The equation of the tangent to $4x^2 - 9y^2 = 36$ which is perpendicular to the straight line $5x + 2y - 10 = 0$ is
Application of Derivatives
Solution:
$4x^2-9y^2 = 36\quad\cdots\left(1\right)$
$\Rightarrow 8x - 18\, y \frac{dy}{dx} = 0$
$\Rightarrow \frac{dy}{dx} = \frac{4x}{9\,y}$
$\therefore $ Slope of the tangent $= \frac{4x}{9\,y}$.

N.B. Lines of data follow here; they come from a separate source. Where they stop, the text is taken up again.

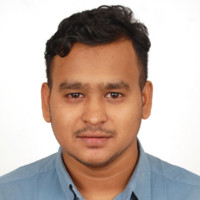 Md Shamim Hossain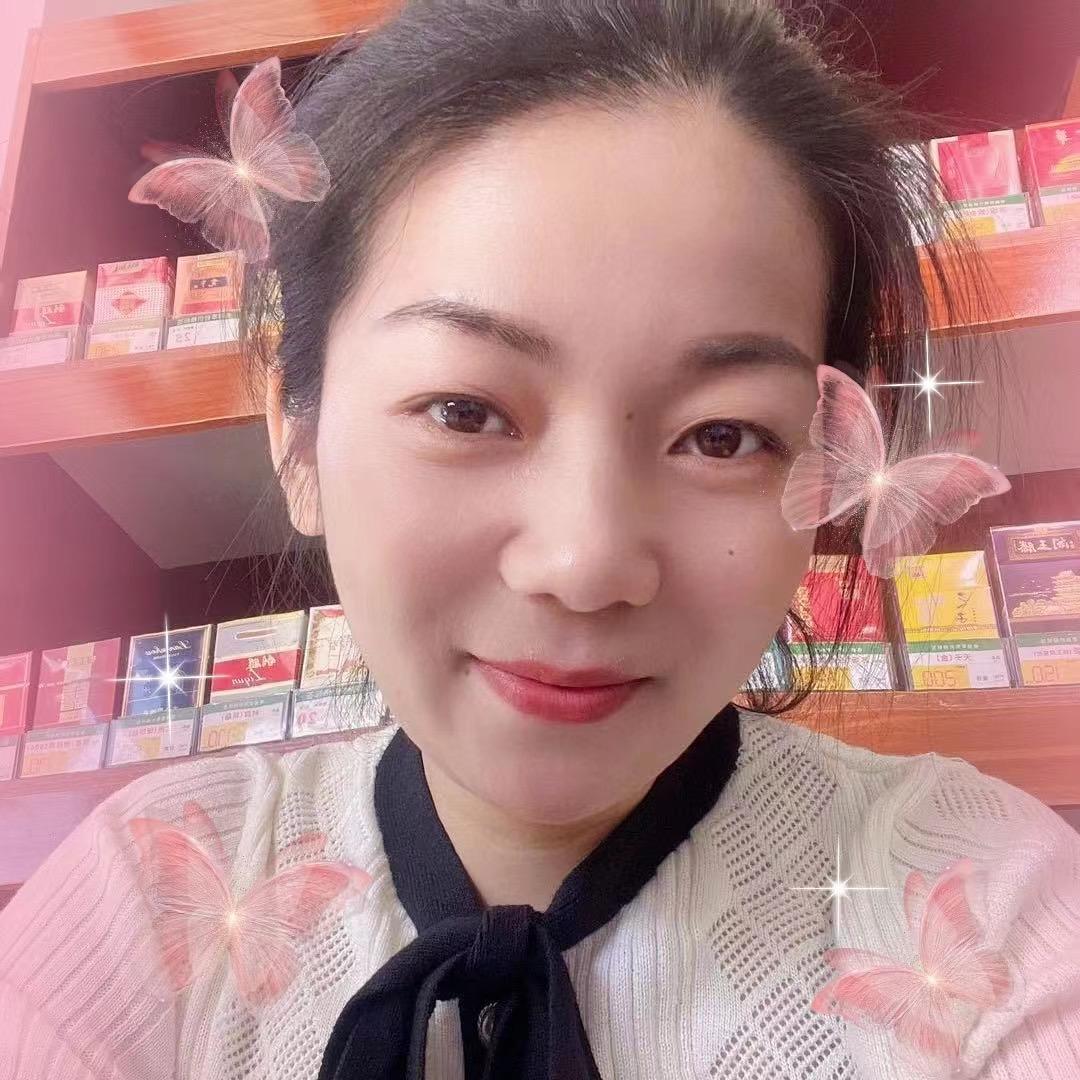 兰姐姐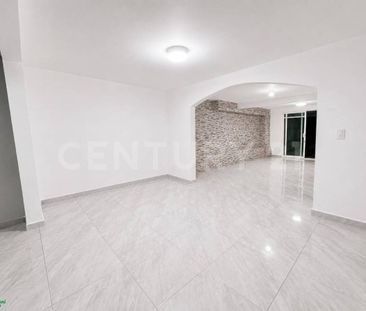 Se renta casa en Jardines de Morelos, Ecatepec - Photo 3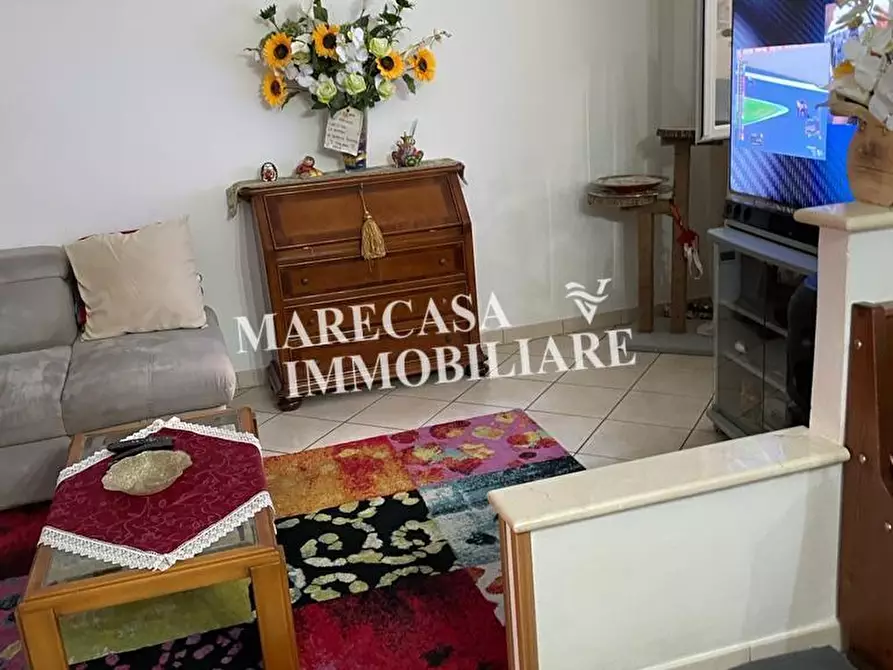 Immagine 7 di Appartamento in vendita  a Carrara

Also, slope of line $5x + 2y - 10 = 0$ is $\frac{-5}{2}$
$\therefore $ Line is perpendicular to the tangent. So product of slopes $= - 1$
$\therefore \frac{4x}{9\,y} \times\left(-\frac{5}{2}\right) = -1$
$\Rightarrow y = \frac{10x}{9}\quad \cdots \left(2\right)$
Using $\left(2\right)$ in $\left(1\right)$, we get
$4x^{2} - \frac{100x^{2}}{9} = 36$
$\Rightarrow -64x^{2} = 324$
which gives imaginary $x$.
Hence, there is no point on the curve at which tangent is perpendicular to the given line.